Теперь мне становился ясным его простой и умный план. Связист отказался от попытки соединить провод на месте разрыва, на полотне, представлявшем собой мишень для немецких пуль. Он присоединил провод, намотанный на катушку, к поврежденному проводу, а самую катушку перекинул через насыпь. Если ему удастся благополучно перелезть через полотно — дело выиграно. По ту сторону растет густой кустарник, который надежно укроет его от вражеских пуль.
А Васильев отполз дальше в сторону. Он отдалился метров на двести от места разрыва провода, затем двинулся к насыпи. У него был хороший шанс. Если его сейчас не откроют, то появление его на насыпи будет для немцев неожиданностью. Только удастся ли ему все-таки проползти?..

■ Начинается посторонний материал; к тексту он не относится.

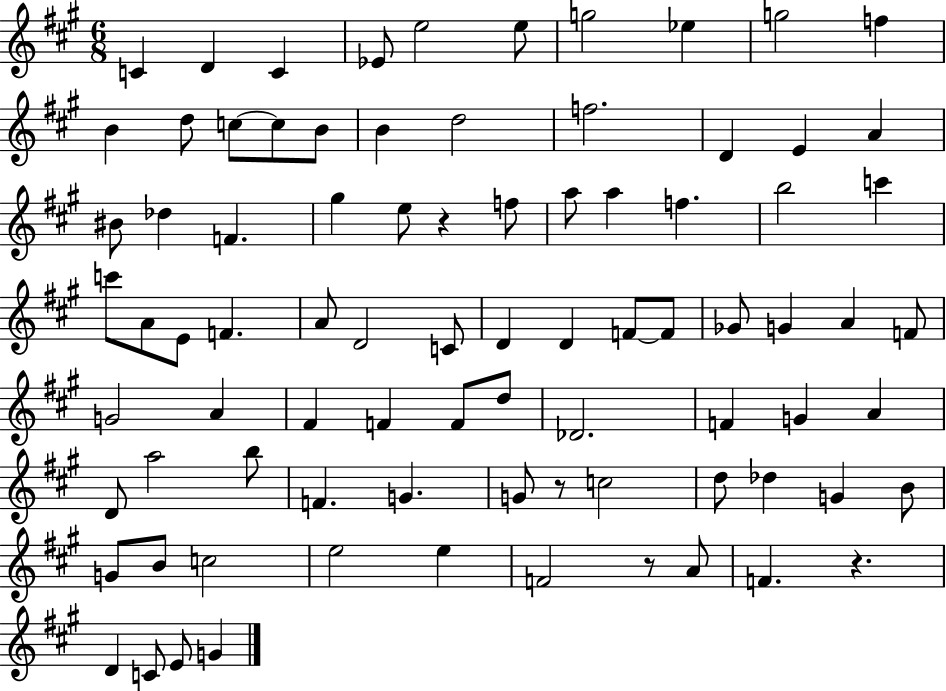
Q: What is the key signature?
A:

Васильев — у края насыпи. Он лежит некоторое мгновение тихо, не то прислушиваясь, не то отдыхая. Я невольно задерживаю дыхание. Вот сейчас он поднимет голову. Вспыхнет или не вспыхнет пыльный столбик разрыва? Но совершенно неожиданно Васильев рывком выбрасывается из-за насыпи на самое полотно. Связист и не думает скрываться. Он прыгает из стороны в сторону, плашмя ложится на землю, катится к противоположному краю и скрывается там.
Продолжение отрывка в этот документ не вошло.